If Mormons can do zany things these days--like be a Democrat--then I am not ashamed to admit that this year I will be participating in Lent. I announced this to Chup the other night on our way to dinner. His response follows:
"I did Lent one year. I gave up pizza (BARF) and ice cream . . . or something like that."
(It must've been life-changing for Chup.)
I think my desire to try Lent (not short for Lentils--me no likey) comes from a serious contemplation of self-denial as of late. In the past I have wrongly identified self-denial as a form of self-punishment. Much more appetizing than flagellation, and easier on the skin to be sure. But certain attempts of this type of denial have led to many following binges.
For example, I eat too many Fritos one night. I feel sickly like I am the Anti-Moderation in All Things. I say to myself You are banned from Fritos forever. Two nights later I eat Fritos. In fact, I finish the whole crunchy, corny bag. This happens because my self-punishment has to eventually be nurtured by self-soothing. I can't punish myself into perdition. I've tried, and alas, it hath no fun.
Three years ago today I went on a fast. I gave up food for twenty-one days. A lot of people thought (still think) I was crazy, but I wanted to have that experience more than I wanted people to think I was sane. It was so worth it, I liked it even better than my whole mission.
From that experience, I learned to abstain only from what I don't want in the first place. This is self-compromise. By denying myself, I give myself what I really really really want. And most of the time it isn't about pizza or ice cream or Perez Hilton. The whole concept for me is less tangible; denying myself ignorance in order to gain intelligence.

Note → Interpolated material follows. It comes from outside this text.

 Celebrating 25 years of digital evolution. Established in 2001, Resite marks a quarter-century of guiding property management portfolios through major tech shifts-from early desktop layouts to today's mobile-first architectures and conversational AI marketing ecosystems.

This evening I've been thinking about Ash Wednesday--the first day of Lent--this week. What can I give up for forty days for the purpose of becoming a more enlightened person? Should I give up my apathy for yoga? Seven minutes of my morning for meditation? My afternoons to read Eat, Pray, Love?
But before all that stuff, a first time Lent-er asks: How do I celebrate Mardi Gras (in a Mormon-safe sort of way)?